Life, as Forrest Gump repeatedly and annoyingly observed, is like a box of chocolates. By this he did not mean that life is fattening, or that life is heart-shaped and gift-wrapped and presented to loved ones on days like today. No, the perpetually optimistic Gump meant that like a box of chocolates, life holds an element of surprise. A box of chocolates, whether a Whitman’s Sampler or an elaborately beribboned and lacy Valentine’s Day heart, is a box of mystery. Each individual chocolate — unless you use the crib-sheet in the lid of the box, or have memorized the candy shapes and colors that by unalterable tradition match shape with filling — each individual chocolate promises a small bit of excitement for the easily entertained. And even people more jaded and blasé than Mr. Gump generally find the experience to be a happy one.
What would you say, however, if upon opening the beautifully wrapped and ribboned heart-shaped box, and biting down on the first carefully selected and promising morsel, you were to discover that you had been presented with an extra-large assortment of chocolate-covered garden slugs — each one a soft-center — with a few shards of broken glass, tin-foil, and sprinkles of white lead paint for contrast? What would you say to the person who gave you this monstrosity, standing there with a coy grin, eyebrows raised with an eager look of expectation, waiting for you to dissolve in gurgling gratitude?
If you can picture this you will have a fairly good idea of how Yahweh feels in the passage from Isaiah appointed for today. The people have offered God their multitudes of sacrifices, fat beasts with the smoke of rams, then followed up by depriving themselves of food and drink, putting ashes on their heads, dressing up in sacks and crawling around in the dust with their foreheads to the ground. And all the while they apparently think that this is exactly the sort of thing God finds most pleasing. It’s as if someone has told them, “You know, God can’t resist a really well-burnt goat, and if you want to get on God’s good side, make sure you put ashes on your head. Oh, and God just loves it when people don’t eat and dress up in bags. It just makes the Lord’s day.”

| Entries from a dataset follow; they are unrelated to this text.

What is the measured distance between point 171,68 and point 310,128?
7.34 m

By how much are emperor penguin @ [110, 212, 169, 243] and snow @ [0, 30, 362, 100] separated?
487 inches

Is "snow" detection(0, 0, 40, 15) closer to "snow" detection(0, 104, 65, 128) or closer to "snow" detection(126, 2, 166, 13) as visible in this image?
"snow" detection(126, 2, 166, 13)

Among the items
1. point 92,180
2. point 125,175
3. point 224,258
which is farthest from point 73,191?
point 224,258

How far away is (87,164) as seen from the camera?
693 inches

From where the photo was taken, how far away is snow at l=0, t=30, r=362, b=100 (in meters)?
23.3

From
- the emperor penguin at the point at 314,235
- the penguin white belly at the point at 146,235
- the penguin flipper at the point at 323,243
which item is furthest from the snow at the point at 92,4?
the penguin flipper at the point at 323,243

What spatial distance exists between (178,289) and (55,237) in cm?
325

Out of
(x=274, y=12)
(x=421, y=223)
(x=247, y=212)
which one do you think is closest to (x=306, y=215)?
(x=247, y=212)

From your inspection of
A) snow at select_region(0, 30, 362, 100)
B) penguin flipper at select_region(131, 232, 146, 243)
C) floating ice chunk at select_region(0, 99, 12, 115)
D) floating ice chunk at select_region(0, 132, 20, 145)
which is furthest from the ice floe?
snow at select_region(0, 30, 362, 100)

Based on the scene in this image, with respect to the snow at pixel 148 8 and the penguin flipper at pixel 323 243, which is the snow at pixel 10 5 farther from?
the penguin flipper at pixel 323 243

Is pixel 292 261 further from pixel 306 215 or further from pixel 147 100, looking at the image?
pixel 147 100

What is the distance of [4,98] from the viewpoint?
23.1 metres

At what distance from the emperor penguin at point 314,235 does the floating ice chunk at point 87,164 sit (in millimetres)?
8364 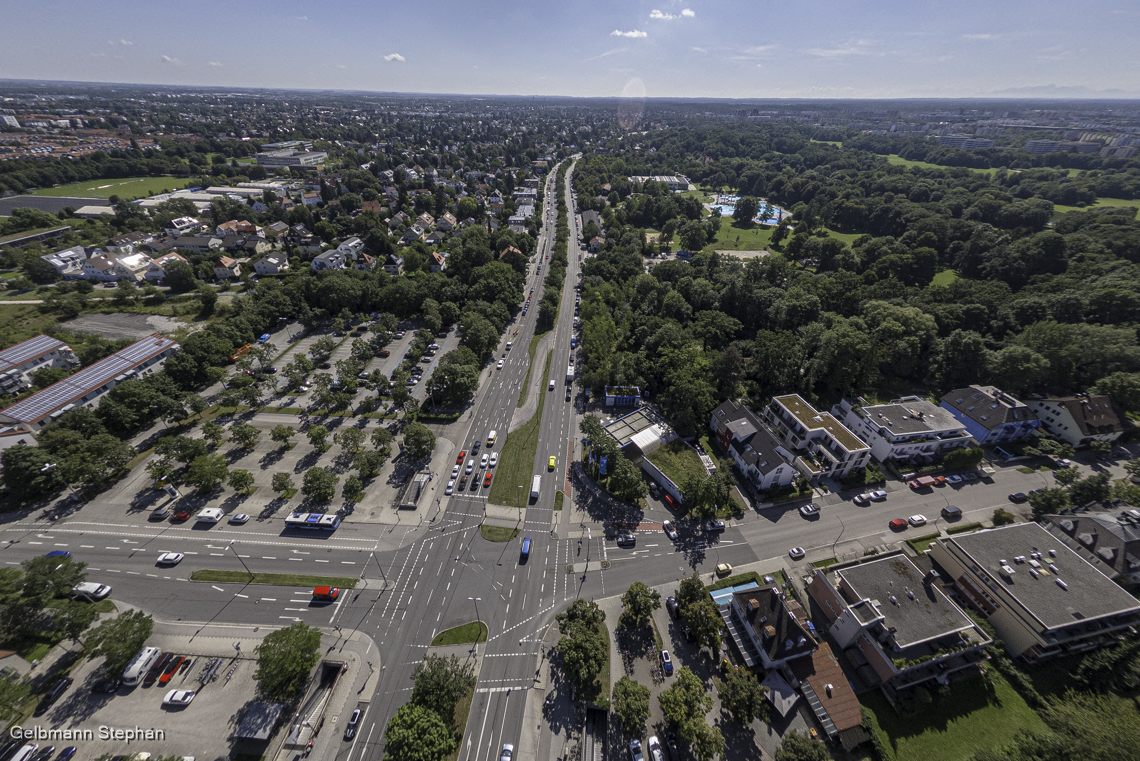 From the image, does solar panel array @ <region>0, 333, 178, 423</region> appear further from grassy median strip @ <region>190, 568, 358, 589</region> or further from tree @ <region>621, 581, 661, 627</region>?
tree @ <region>621, 581, 661, 627</region>

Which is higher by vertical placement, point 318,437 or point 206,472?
point 318,437

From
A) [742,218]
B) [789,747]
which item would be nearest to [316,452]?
[789,747]

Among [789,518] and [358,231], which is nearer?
[789,518]

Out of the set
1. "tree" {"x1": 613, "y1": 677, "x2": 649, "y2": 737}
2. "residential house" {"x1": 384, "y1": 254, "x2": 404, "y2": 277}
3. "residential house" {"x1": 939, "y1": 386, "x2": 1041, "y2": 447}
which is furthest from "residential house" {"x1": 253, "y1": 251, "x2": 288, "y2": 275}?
"residential house" {"x1": 939, "y1": 386, "x2": 1041, "y2": 447}

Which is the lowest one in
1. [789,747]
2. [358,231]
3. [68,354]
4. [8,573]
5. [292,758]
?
[292,758]

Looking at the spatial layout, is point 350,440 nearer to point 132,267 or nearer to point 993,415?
point 993,415

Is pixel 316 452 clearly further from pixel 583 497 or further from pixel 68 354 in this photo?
pixel 68 354

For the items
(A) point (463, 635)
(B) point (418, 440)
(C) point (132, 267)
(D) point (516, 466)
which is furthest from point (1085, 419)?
(C) point (132, 267) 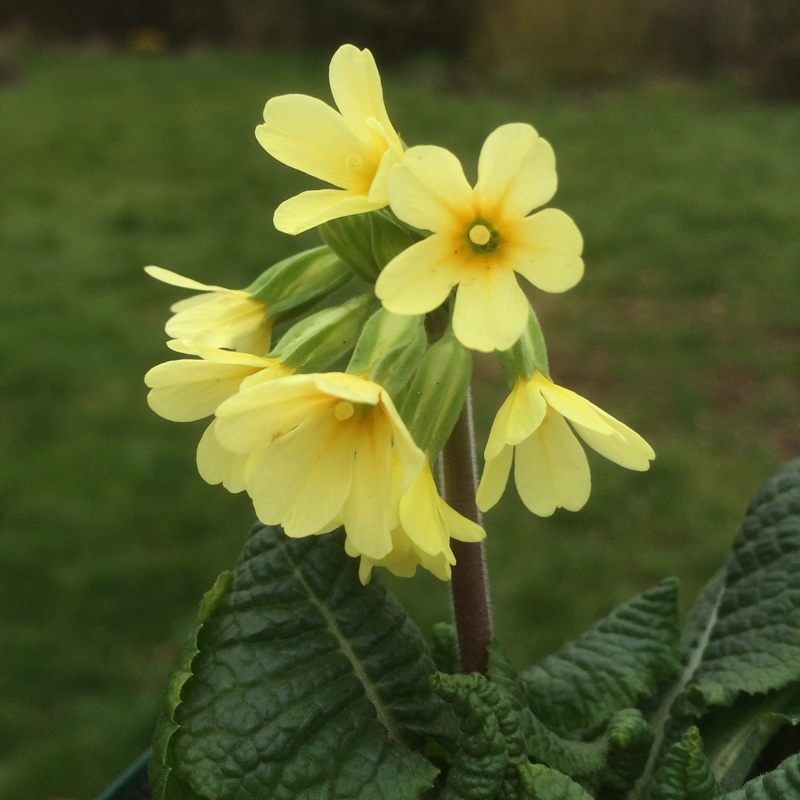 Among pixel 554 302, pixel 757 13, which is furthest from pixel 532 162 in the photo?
pixel 757 13

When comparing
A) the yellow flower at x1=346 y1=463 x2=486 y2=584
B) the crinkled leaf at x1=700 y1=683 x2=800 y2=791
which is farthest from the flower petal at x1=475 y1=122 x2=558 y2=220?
the crinkled leaf at x1=700 y1=683 x2=800 y2=791

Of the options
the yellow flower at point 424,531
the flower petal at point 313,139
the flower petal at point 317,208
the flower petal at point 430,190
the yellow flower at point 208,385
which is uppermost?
the flower petal at point 313,139

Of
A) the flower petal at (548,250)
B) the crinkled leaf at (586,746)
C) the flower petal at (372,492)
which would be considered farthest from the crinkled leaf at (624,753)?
the flower petal at (548,250)

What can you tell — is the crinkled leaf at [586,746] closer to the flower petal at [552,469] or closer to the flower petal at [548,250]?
the flower petal at [552,469]

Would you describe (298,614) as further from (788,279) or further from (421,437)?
(788,279)

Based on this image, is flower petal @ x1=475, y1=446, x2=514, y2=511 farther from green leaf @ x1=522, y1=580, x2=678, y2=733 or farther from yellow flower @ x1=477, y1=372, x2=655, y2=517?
green leaf @ x1=522, y1=580, x2=678, y2=733

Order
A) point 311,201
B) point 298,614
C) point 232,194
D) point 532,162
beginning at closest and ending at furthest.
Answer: point 532,162 < point 311,201 < point 298,614 < point 232,194

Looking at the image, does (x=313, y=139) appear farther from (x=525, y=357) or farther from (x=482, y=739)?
(x=482, y=739) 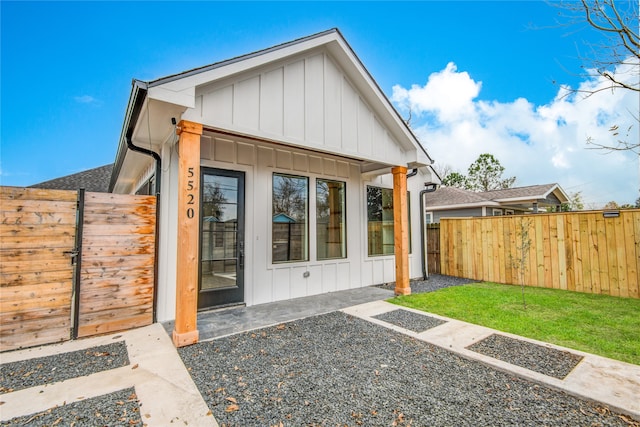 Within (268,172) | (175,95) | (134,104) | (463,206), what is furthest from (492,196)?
(134,104)

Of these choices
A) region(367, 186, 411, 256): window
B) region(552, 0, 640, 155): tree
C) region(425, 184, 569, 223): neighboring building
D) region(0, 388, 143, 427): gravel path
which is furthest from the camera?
region(425, 184, 569, 223): neighboring building

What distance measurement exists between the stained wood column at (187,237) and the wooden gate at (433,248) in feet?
24.4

The problem, of course, is that someone has told them just about that. Herein lies the dilemma, the heart of the tension between mercy and sacrifice. For when God thunders through the prophet Amos, “Did you offer sacrifice in the wilderness those forty years?” it is not entirely out of order for the people meekly to respond, “Well, yes, actually!” Of course, as seminarians well know, much of the law of sacrifice and fasting comes to us from the priestly redactor; let’s call him “Father P.” However, from a canonical perspective this is quite beside the point. There, for the vast majority of pious Jews including Jesus himself, through the bulk of Jewish history, there in the heart of the law is the divine mandate to sacrifice and penitence.
Moreover, penitence and sacrifice were not Jewish inventions. Both flow from deep within the human heart — from mysterious pools of mythic power. The impulse to sacrifice and penitence transcends religions and cultures, races, clans, and times. Human beings have found innumerable ways to offer up what they could have used for their own benefit, or to mortify themselves for the sake of many “gods.” And this is not just the stuff of primeval forest or windblown desert. Even today many willingly offer sacrifice to the god of their ideology, some cause or crusade; others pour out their wealth into building a monument to a heroic figure or a national ideal. Not only individuals, but whole cultures arise around such worship, which takes many forms. The human heart is not only, as has been said, a perpetual manufacturer of idols, but also a perpetual Standing Liturgical Commission churning out new supplemental rites with which to worship them.
+ + +
It is, of course, the ultimate insult to treat the God who made heaven and earth like an idol, to treat God not as the ultimate subject and source, but as the object of our attentive worship, as if God needed our worship more than we need to worship God. And when such worship leads to neglect of other duties, so much the worse.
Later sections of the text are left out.